Jagdeo, speaking at a news conference last Thursday, referred to the foreign investors as “carpet baggers” adding “there are quite a few coming in from Trinidad and Tobago”.

He said just recently he was speaking to an unidentified person “who was unguarded and he said he yesterday signed up to get some land from Go-Invest and he is going to get free hold title”.

The Opposition Leader in dismissing statements made by the country’s Finance Minister Winston Jordan about the influx of foreign investors and the four per cent growth of the local economy, said land which had been earmarked for a speciality hospital under the previous People’s progressive Party (PPP) administration, had also been sold to Trinidad and Tobago investors.

He said Trinidad and Tobago investors were also entering various areas of the local economy including car rental and movie businesses.

“The Trinidadians are coming in and getting a ton of land here and a lot of them are paying bribes. I don’t have a problem with Trinidadians coming here and investing. Let me make that clear, but not in this period.

“The carpet baggers are coming,” he said, noting that a team which had recently travelled to Trinidad for an investment conference “has been brokering these arrangements.

“So they meet with the people, they have to give donations over there in Trinidad and they were offered land here now”.

Jagdeo warned that Guyanese nationals would soon become marginalised as a result of the influx, adding “I see all of the taxi companies coining in here from abroad…. There is no local content policy.

“I don’t have a problem of people from Trinidad coming here, I believe they have a lot of expertise in the oil and gas sector, you need skill people etc, but they must come in transparently and Guyanese must have the opportunity to access the same resources that they are getting.

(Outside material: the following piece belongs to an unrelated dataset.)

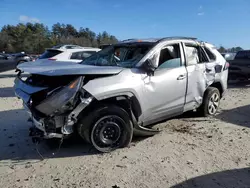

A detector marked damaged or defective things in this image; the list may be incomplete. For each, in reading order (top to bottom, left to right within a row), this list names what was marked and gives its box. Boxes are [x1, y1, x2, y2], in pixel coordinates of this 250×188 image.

crushed front end [14, 72, 94, 142]
broken headlight [35, 76, 84, 115]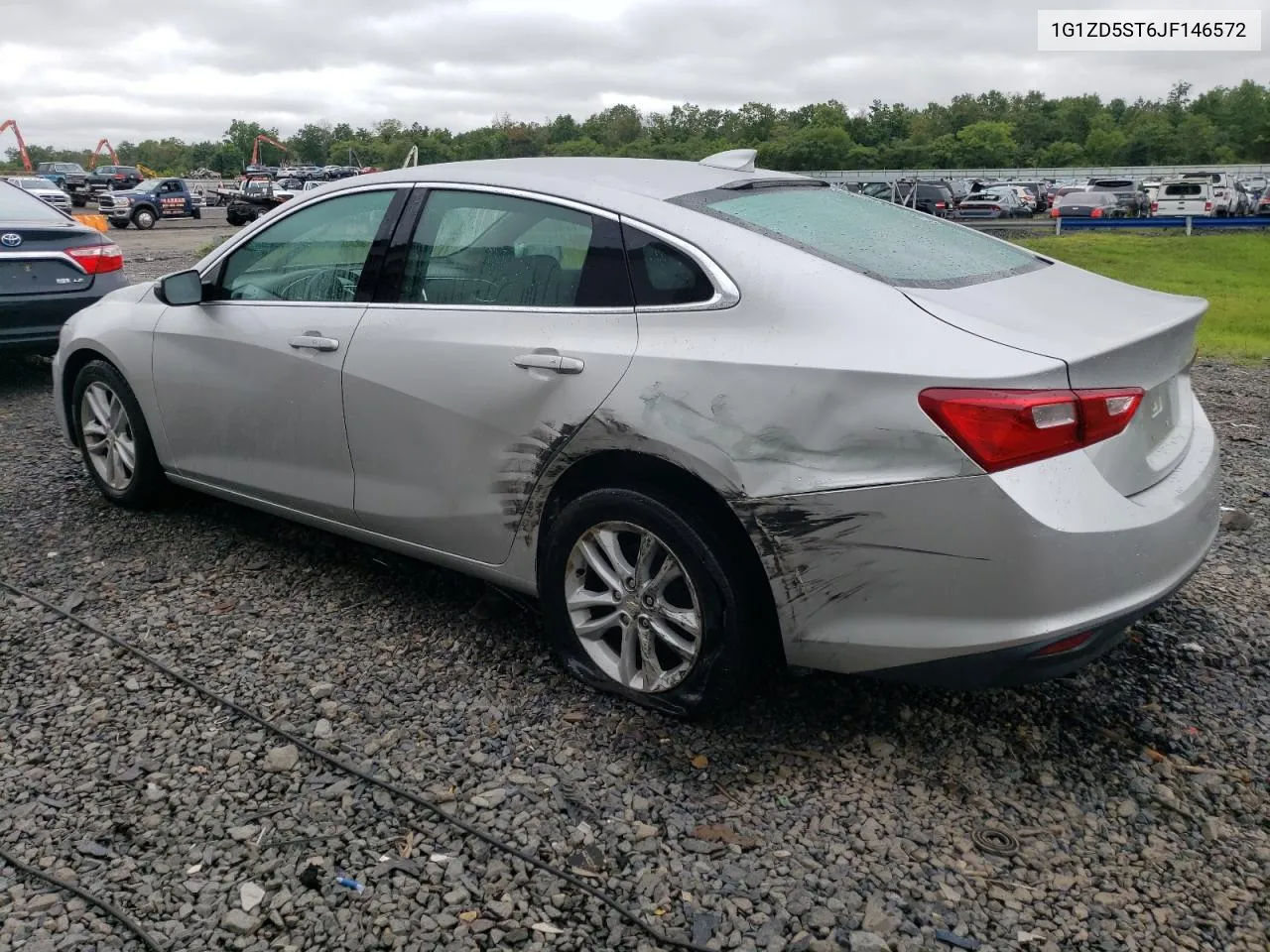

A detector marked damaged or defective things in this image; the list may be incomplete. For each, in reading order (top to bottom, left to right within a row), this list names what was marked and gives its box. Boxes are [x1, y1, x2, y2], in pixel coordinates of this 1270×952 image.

damaged silver car [52, 149, 1218, 715]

“Almost every piece of land that has been divested from GUYSUCO (Guyana Sugar Corporation)…is on the chopping block,” he added.

Guyana is being ranked among the world’s most prospective, underexplored offshore basin, with an estimated 13.6 Bbbl of oil and 32 tcf of natural gas yet to be discovered.

ExxonMobil, along with its junior partner Hess Corp., will bring first oil online by 2020, providing the country with much needed revenue.